Artık basketbolun da bir Şampiyonlar Ligi var.
Tabii ki, Eurolig varlığını sürdürdüğü sürece aynı etkiyi yaratması zor, fakat en azından katılım ve rekabet şartlarının daha adilane olduğu bir organizasyon var önümüzde.

İspanyol basınının bugün açıkladığı üzere şablon şu şekilde oluşacak:
- Ligde 32 adet takım olacak ve 8'erli 4 gruba ayrılacak.
- İlk 4 takım bir üst tura çıkacak ve bu noktadan itibaren çift maçlı eleminasyon sistemine geçilecek, play-off olmayacak.
- 5. ve 6. sırayı alan takımlar Fiba'nın bir alt kupasında Avrupa serüvenine devam edecek, 7. ve 8. takımlar veda edecek.
- Son 16 ve çeyrek final turlarından sonra Final Four düzenlenecek.

Katılım şartları ise:
- Lig joint venture şeklinde düzenlenecek ve %50'si FIBA'ya ait olacak.
- Ligin haklarının %40'ı; Türkiye, İspanya, İtalya, Fransa, Yunanistan, Almanya, VTB ve Adriyatik organizasyonlarına %5 şeklinde eşit olarak dağıtılacak.
- Çek Cumhuriyeti, Belçika, İsrail, Litvanya ve Polonya federasyonları ise %2 hisseye sahip olacak.
- Hiçbir kulübün lige garantilenmiş katılım hakkı olmayacak.
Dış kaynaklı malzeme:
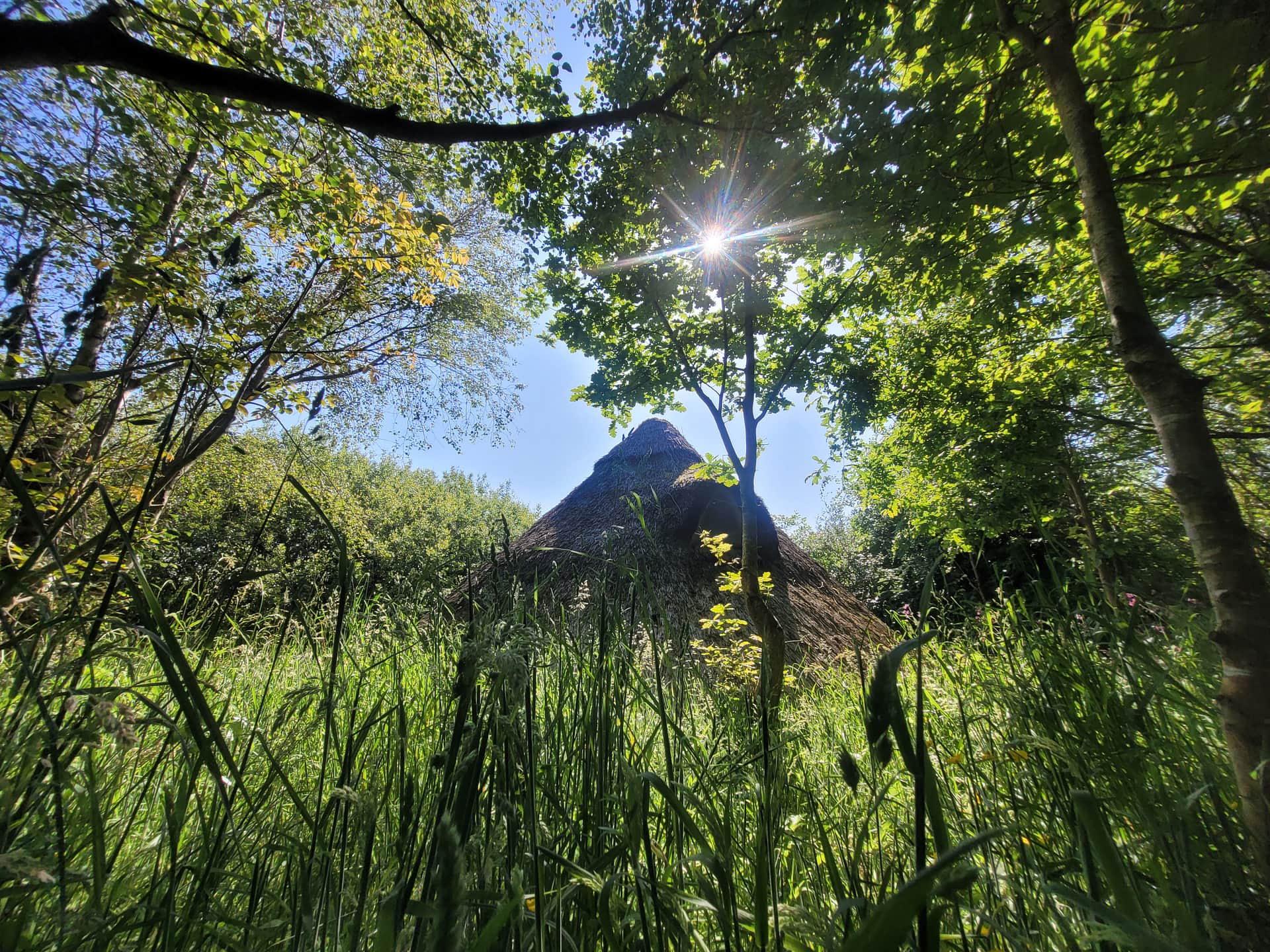 Felin Uchaf Meadow Camping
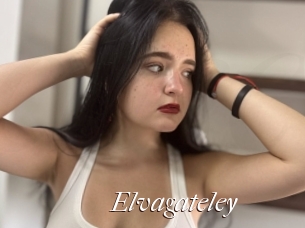 Elvagateley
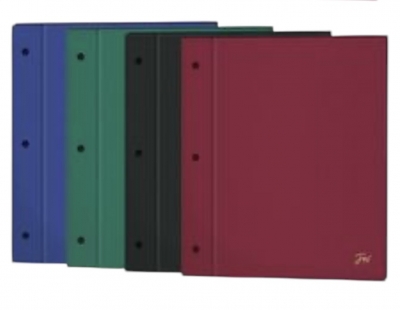 Carpeta Escolar 2 Tapas N*3  Fw Color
Prensip olarak %5 hakka sahip ülkeler iki, %2 hakka sahip ülkeler ise 1 takımla temsil edilecek.
- İspanya, Rusya ve Türkiye'ye 3. takım hakkı tanınması gündemde böylece 24 takıma ulaşılacak.
- Geri kalan 8 takım için ise böyle organizasyonlara temsilci gönderemeyen küçük ülkelere imkan tanınacak.

Şimdilik ana hatlar basına böyle servis edildi. Eurolig karşı cevap olarak takım sayısını arttırmayı düşünüyor, fakat yine de adil bir çözüme ulaşabileceklerine ihtimal vermiyorum.
Dilerim Galatasaray erkek basketbol takımı da üzerine düşeni yerine getirir ve futbolda olduğu gibi basketbolda da ilk Şampiyonlar Ligi deneyiminin bir parçası olmayı başarır.
 
Fiba Avrupa nihayet bu işe el attı. Biz pek semeyiz ama Turgay Başkan bu konuda kararlı. Eurolig bence son kararıyla kendi sonunu hazırladı. Avrupa da kapalı lig uygun olmaz. Futbol daki şampiyonlar ligi bunun göstergesi. basketbola ilgiyi artıracak en önemli konu nerede olursa olsun en küçük bir takımın bile bu lige katılma hayalini devam ettirmesidir. Düşünün Karşıyaka bu sene eurolige katılamayacaktı mesela. Bence bizim takımında euroligi bırakıp bu lige konsantre olması daha doğru olur diyorum.
 
ne kadar saçma.
bir araya gelip adam gibi bir oluşum çıkartacaklarına bölünerek güç kaybediyorlar.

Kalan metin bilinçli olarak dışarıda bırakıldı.